**Supplied entries**
■ ■ ■

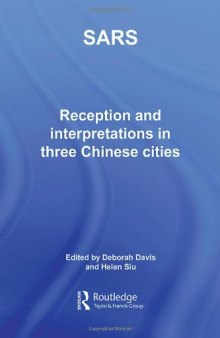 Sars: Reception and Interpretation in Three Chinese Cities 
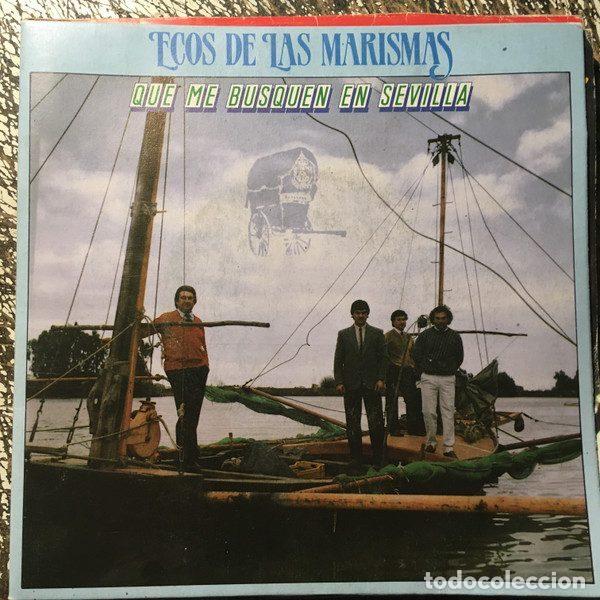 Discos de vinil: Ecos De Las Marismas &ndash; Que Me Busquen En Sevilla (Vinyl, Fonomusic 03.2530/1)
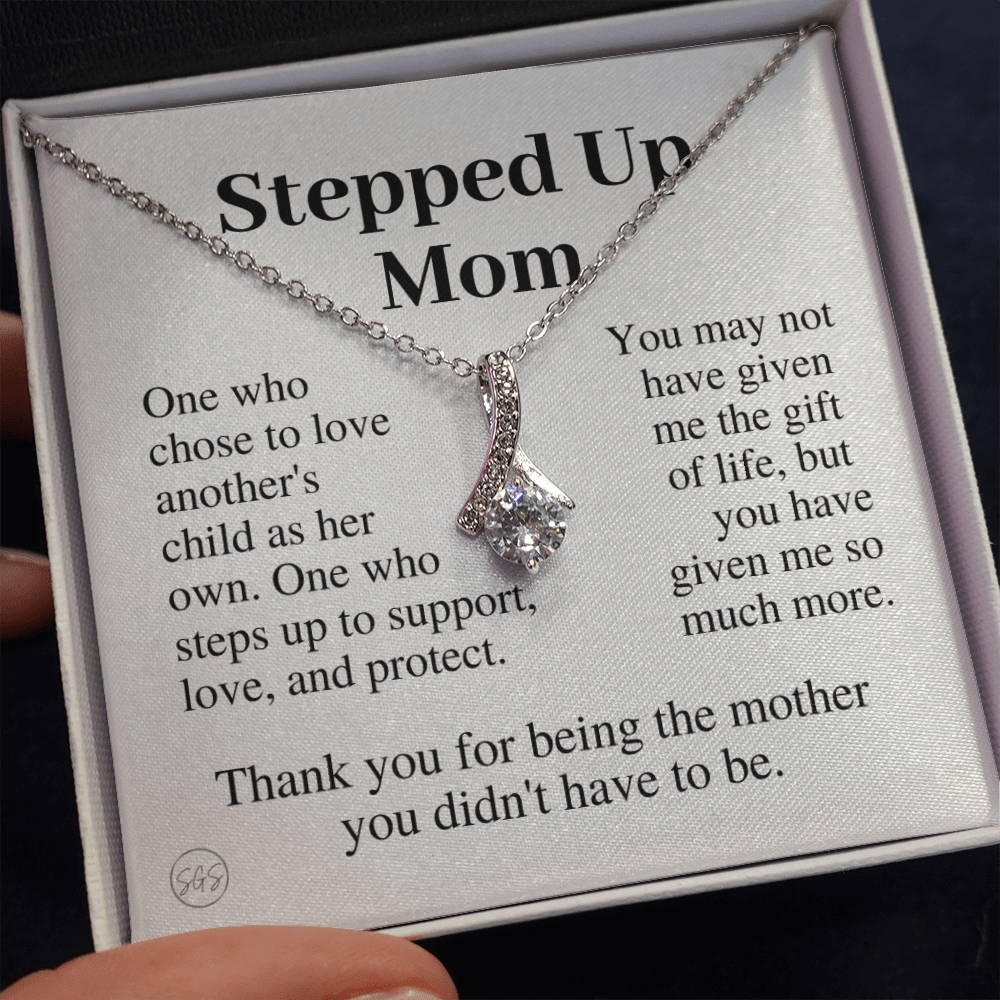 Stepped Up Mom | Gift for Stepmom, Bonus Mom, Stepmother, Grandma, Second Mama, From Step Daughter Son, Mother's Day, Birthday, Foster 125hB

■ ■ ■

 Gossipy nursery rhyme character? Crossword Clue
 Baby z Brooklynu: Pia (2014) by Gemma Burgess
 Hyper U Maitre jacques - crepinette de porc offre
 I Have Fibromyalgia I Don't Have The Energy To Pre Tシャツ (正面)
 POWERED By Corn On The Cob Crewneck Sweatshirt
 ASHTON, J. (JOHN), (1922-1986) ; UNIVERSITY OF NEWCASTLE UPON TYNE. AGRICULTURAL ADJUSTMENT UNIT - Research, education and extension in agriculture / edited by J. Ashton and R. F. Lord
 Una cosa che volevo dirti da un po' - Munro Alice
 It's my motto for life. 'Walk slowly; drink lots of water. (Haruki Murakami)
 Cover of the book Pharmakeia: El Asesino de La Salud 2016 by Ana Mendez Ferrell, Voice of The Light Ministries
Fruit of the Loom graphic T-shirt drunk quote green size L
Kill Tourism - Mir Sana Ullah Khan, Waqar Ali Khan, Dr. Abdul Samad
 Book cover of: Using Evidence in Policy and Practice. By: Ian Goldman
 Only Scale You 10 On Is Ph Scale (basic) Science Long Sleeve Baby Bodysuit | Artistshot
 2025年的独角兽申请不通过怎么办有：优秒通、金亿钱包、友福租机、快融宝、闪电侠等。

■ ■ ■

**Task**
Return the span of lines in the data above that opens at the line with "Only Scale You" and closes at the line with "2025年的独角兽申请不通过", exactly, ends included, nothing else.

**Answer section**
 Only Scale You 10 On Is Ph Scale (basic) Science Long Sleeve Baby Bodysuit | Artistshot
 2025年的独角兽申请不通过怎么办有：优秒通、金亿钱包、友福租机、快融宝、闪电侠等。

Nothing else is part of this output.